━━━ GIVEN ENTRIES

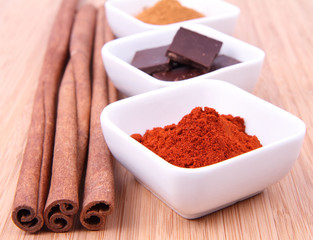 Hot chocolate ingredients: chocolate, cinnamon and chili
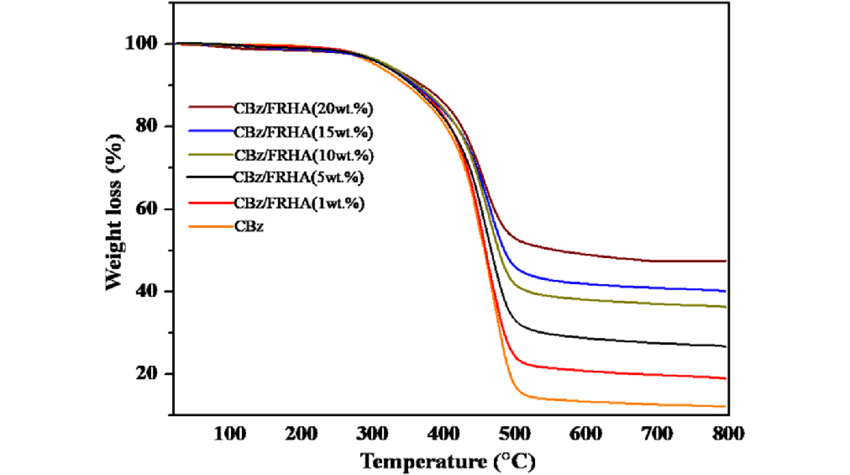 Non-Destructive Evaluation & Inspection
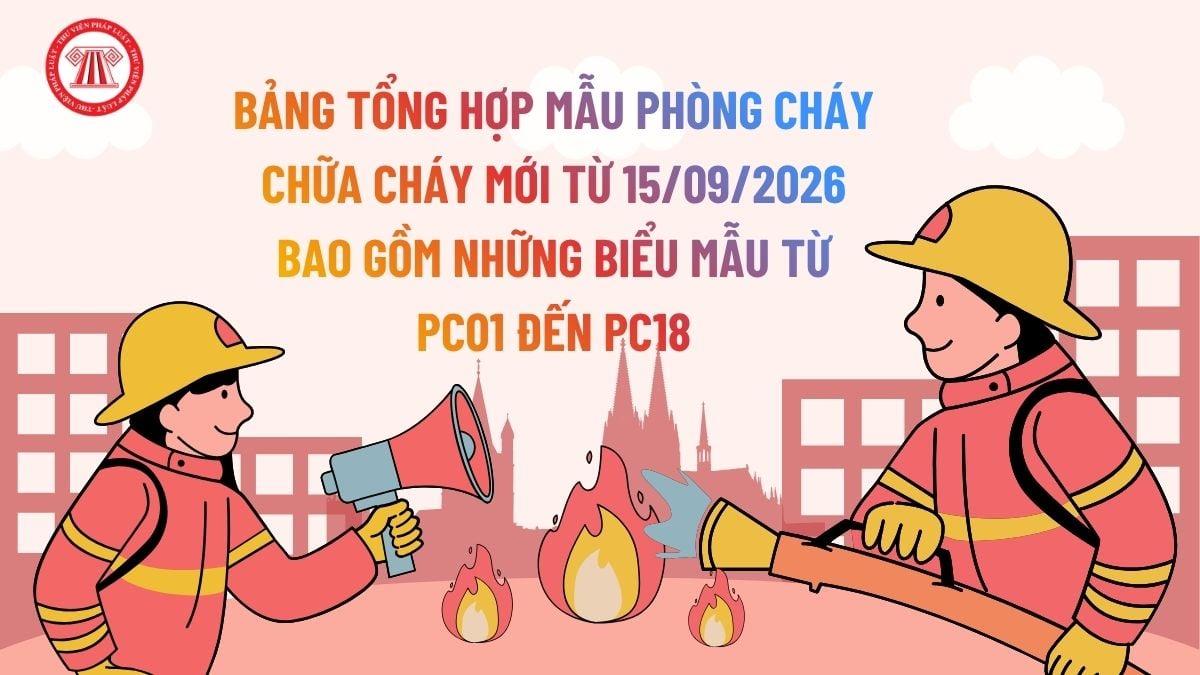 Lao Động Tiền Lương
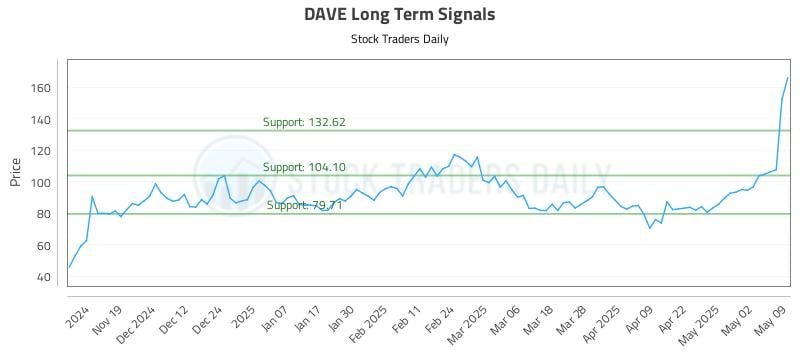 DAVE Long Term Analysis for May 11 2025 DAVE Long Term Analysis for May 11 2025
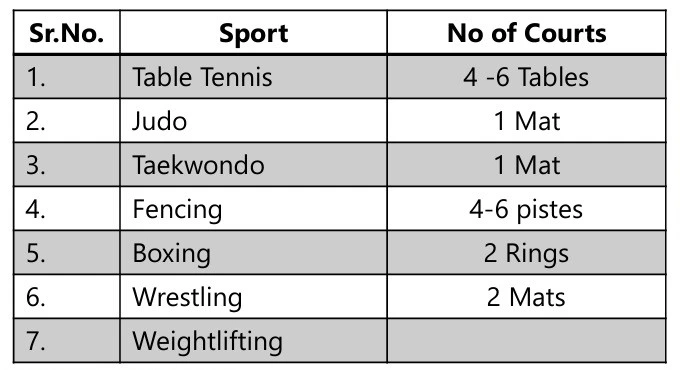 SPORTS TO BE PLAYED IN SECONDARY HALL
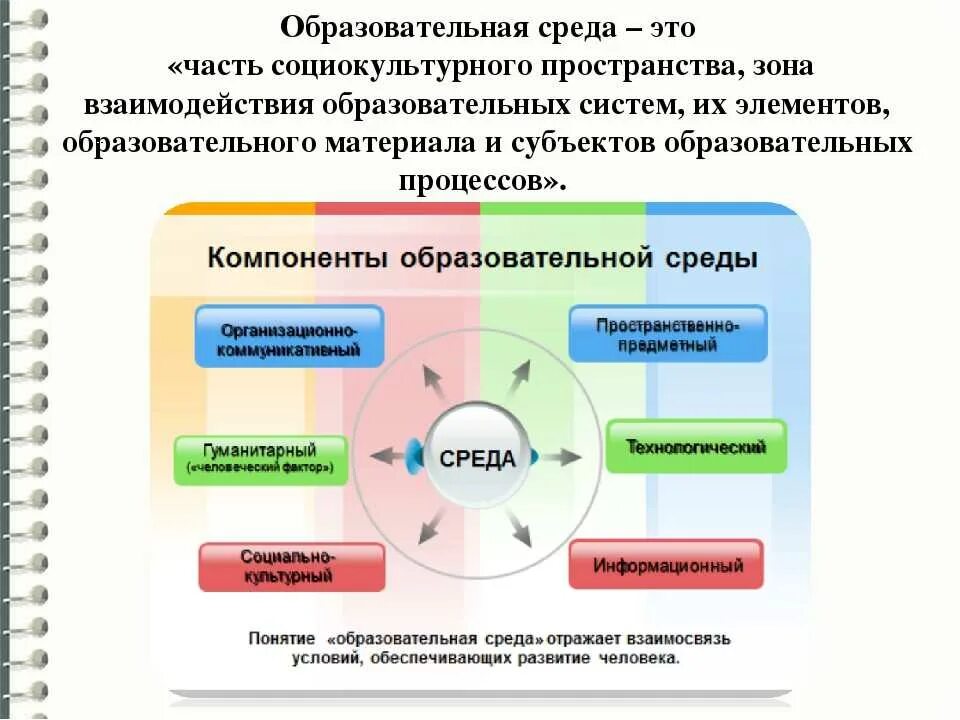 Составляющие элементы образования. Образовательная среда в школе. Образовательная среда схема. Образовательная стрела. Понятие образовательная среда.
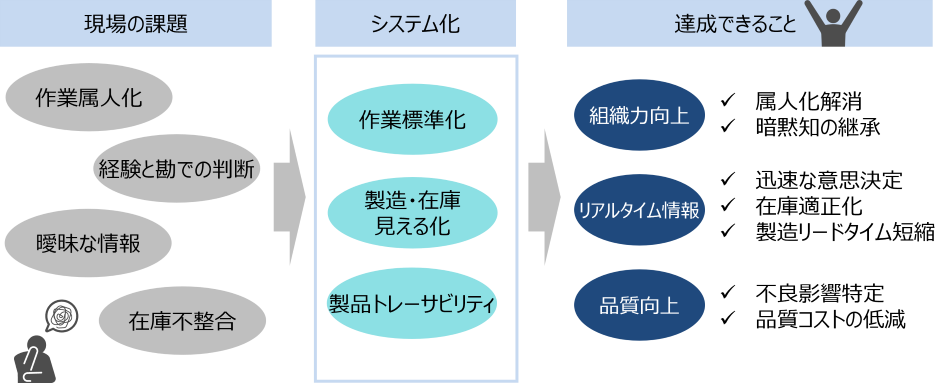 MES(�������s�V�X�e��)�����e���v���[�g(for DELMIA Apriso)by ComiComiCloud�̓����C���[�W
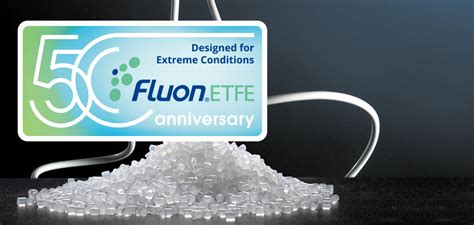 High Performance Fluoropolymer Resins Fluon® Etfe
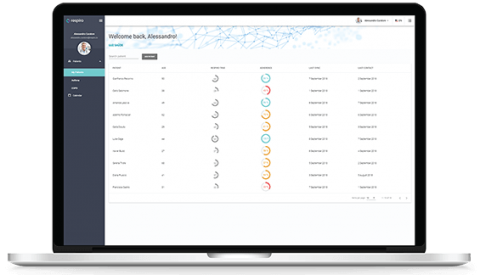 Amiko | Upgrading respiratory care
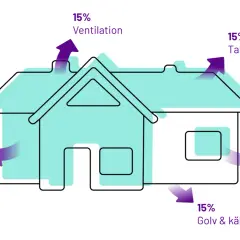 Diagram visar värmeförluster från ett hus. Fönster står för 35%, väggar 20%, tak, ventilation och golv/källare 15% var.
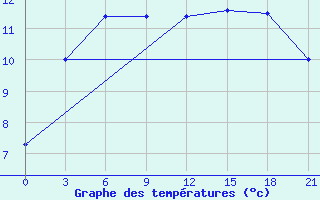 Courbe de tempratures pour Ai-Petri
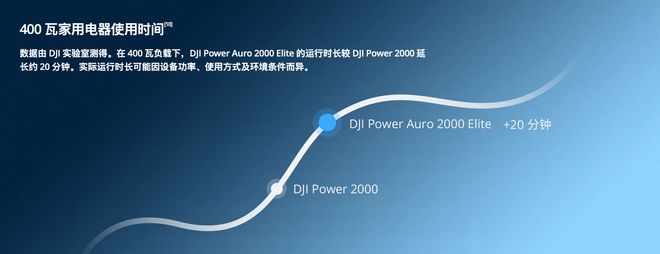 大疆发布2度电户外电源DJI Power Auro 2000 Elite，4799元起(图3)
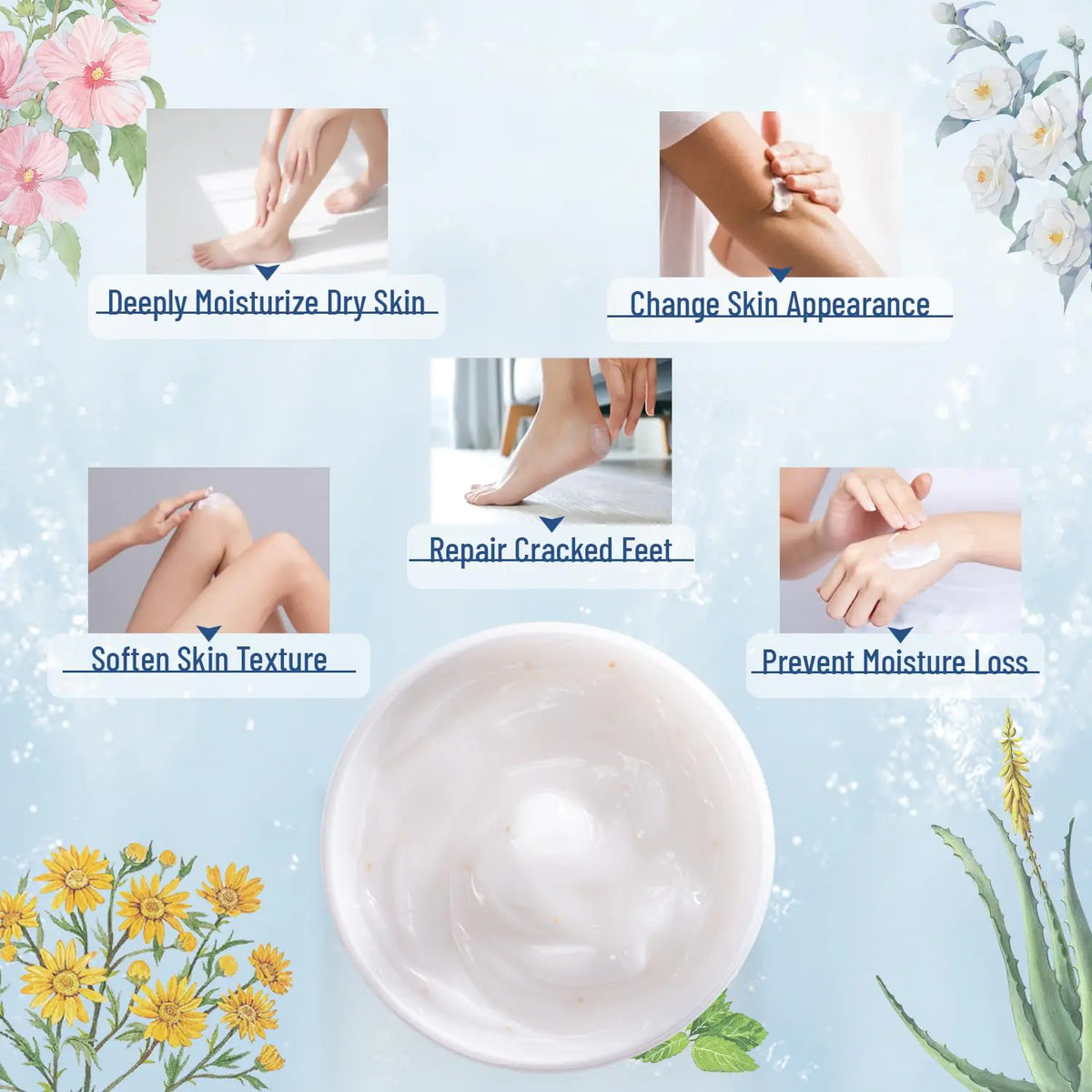 Urea Cream 42% plus Salicylic Acid 2% Net 5.29 Oz for Dry Cracked Feet, Heels, Knees, Elbows, Hands Repair Treatment. Moisturizes and Removes Corns, Calluses, Dead Skin, and Softens Toenails 5.29 Ounce(Pack of 2) Rieworkes
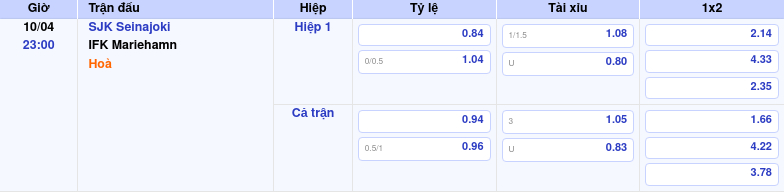 Thông tin bảng tỷ lệ kèo bóng đá SJK Seinajoki vs IFK Mariehamn
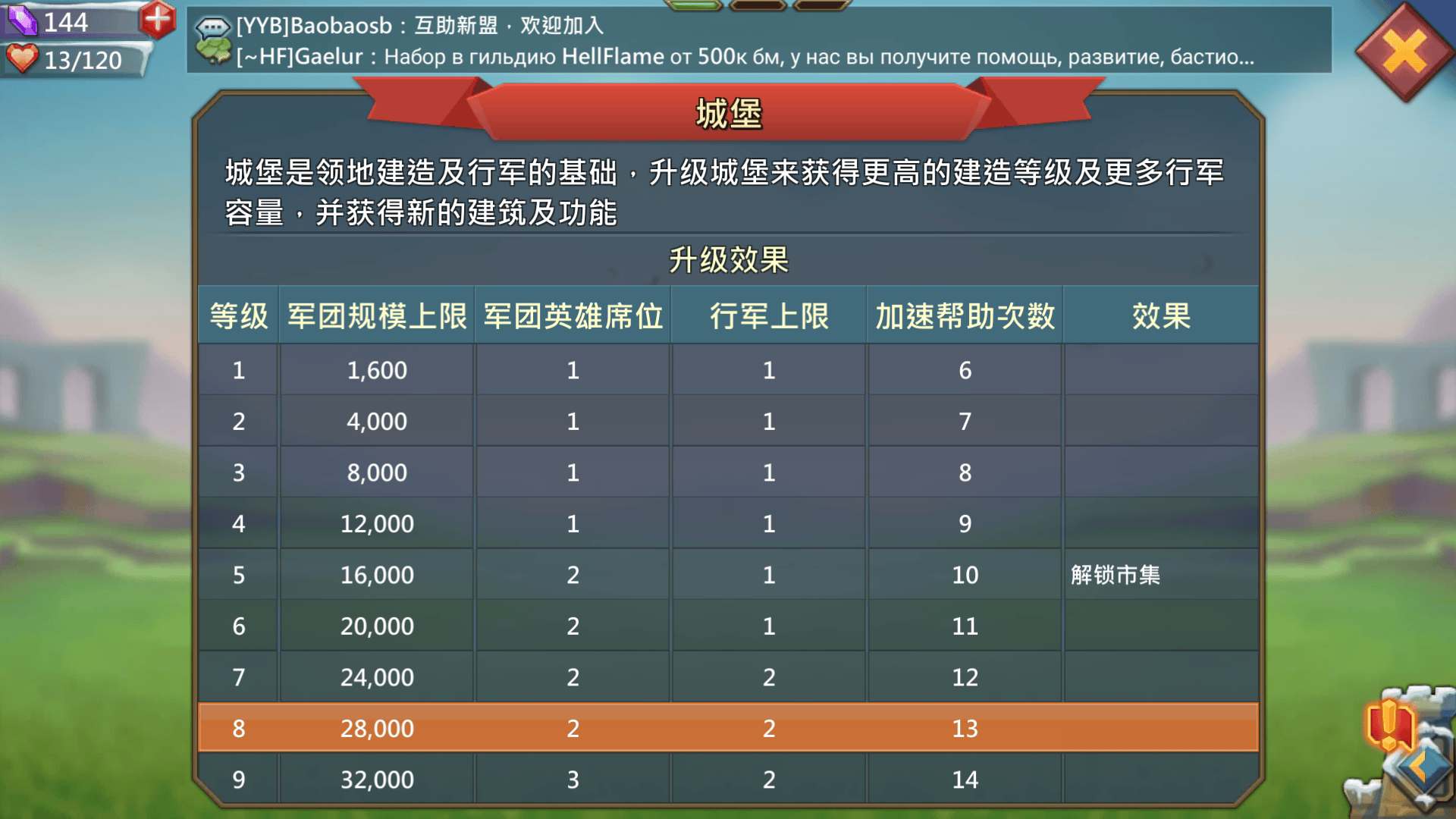 王国纪元诈兵术怎么用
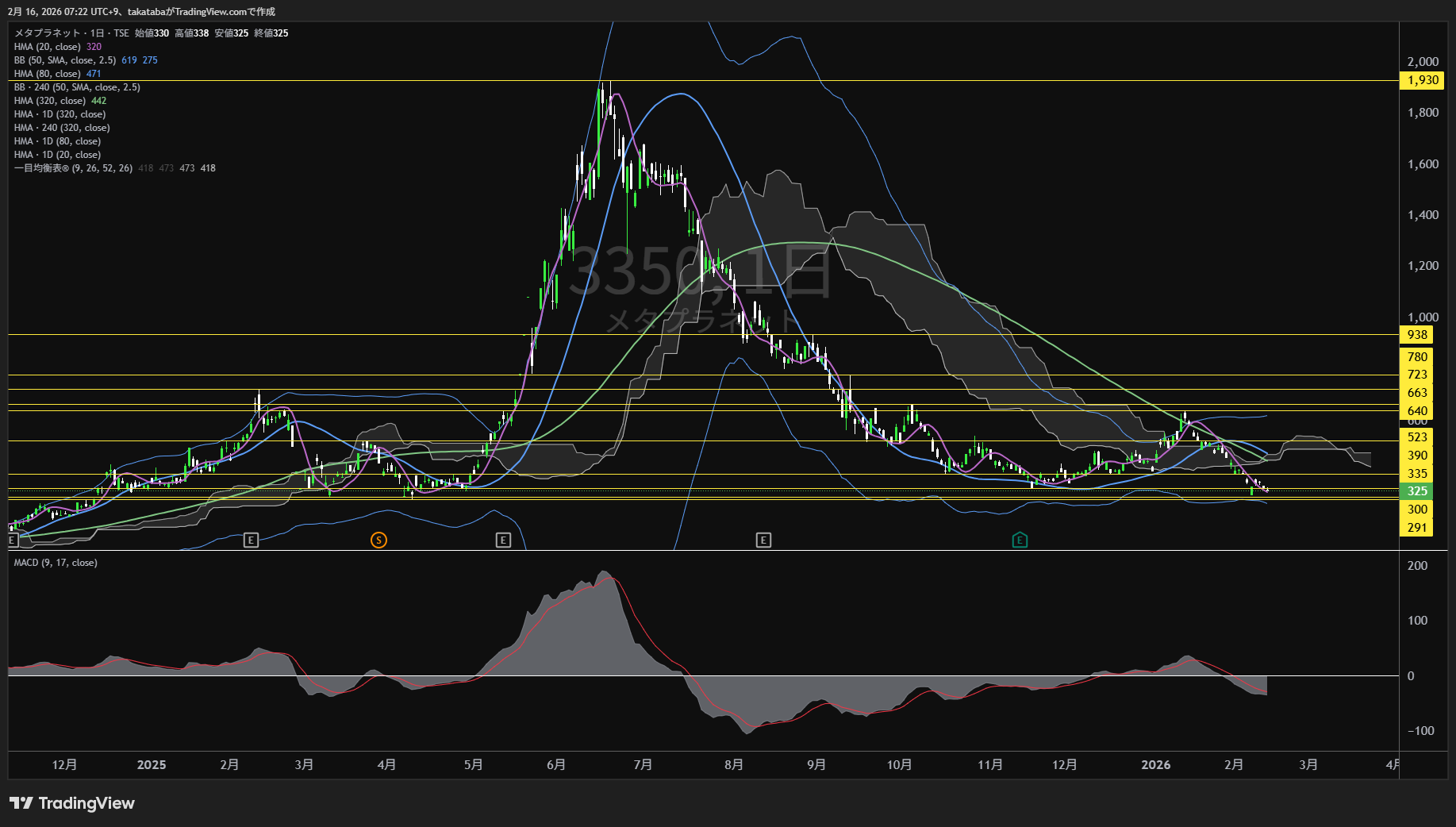 メタプラネット日足チャート-2026年2月16日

━━━━━━

Starting with the first line of the records above and stopping after the line containing "SPORTS TO BE PLAYED IN SECONDARY HALL", repeat every line exactly and leave out the pictures.

 Hot chocolate ingredients: chocolate, cinnamon and chili
 Non-Destructive Evaluation & Inspection
 Lao Động Tiền Lương
 DAVE Long Term Analysis for May 11 2025 DAVE Long Term Analysis for May 11 2025
 SPORTS TO BE PLAYED IN SECONDARY HALL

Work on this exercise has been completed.